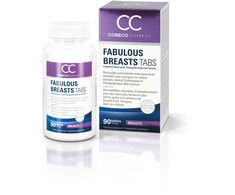 Cobeco CC Fabulous Breasts 90 Tablets - Herbal Firming Formula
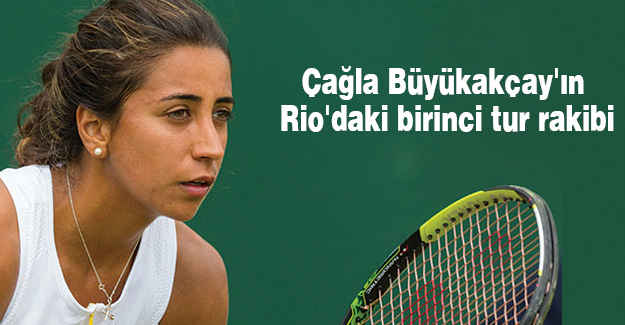 Çağla'nın Rio'daki birinci tur rakibi belli oldu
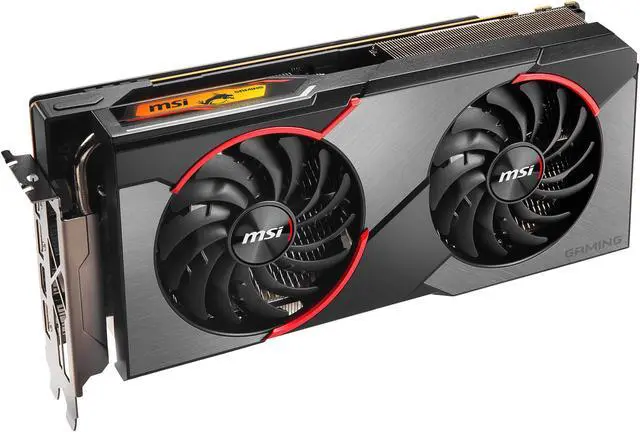 Alt view image 4 of 8 - MSI Radeon RX 5700 8GB GDDR6 PCI Express 4.0 CrossFireX Support Graphics Card RX 5700 GAMING X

Your objective:
Wherever an image sits in the data, omit it; everything else must be copied exactly.

Output for this exercise:
 Cobeco CC Fabulous Breasts 90 Tablets - Herbal Firming Formula
 Çağla'nın Rio'daki birinci tur rakibi belli oldu
 Alt view image 4 of 8 - MSI Radeon RX 5700 8GB GDDR6 PCI Express 4.0 CrossFireX Support Graphics Card RX 5700 GAMING X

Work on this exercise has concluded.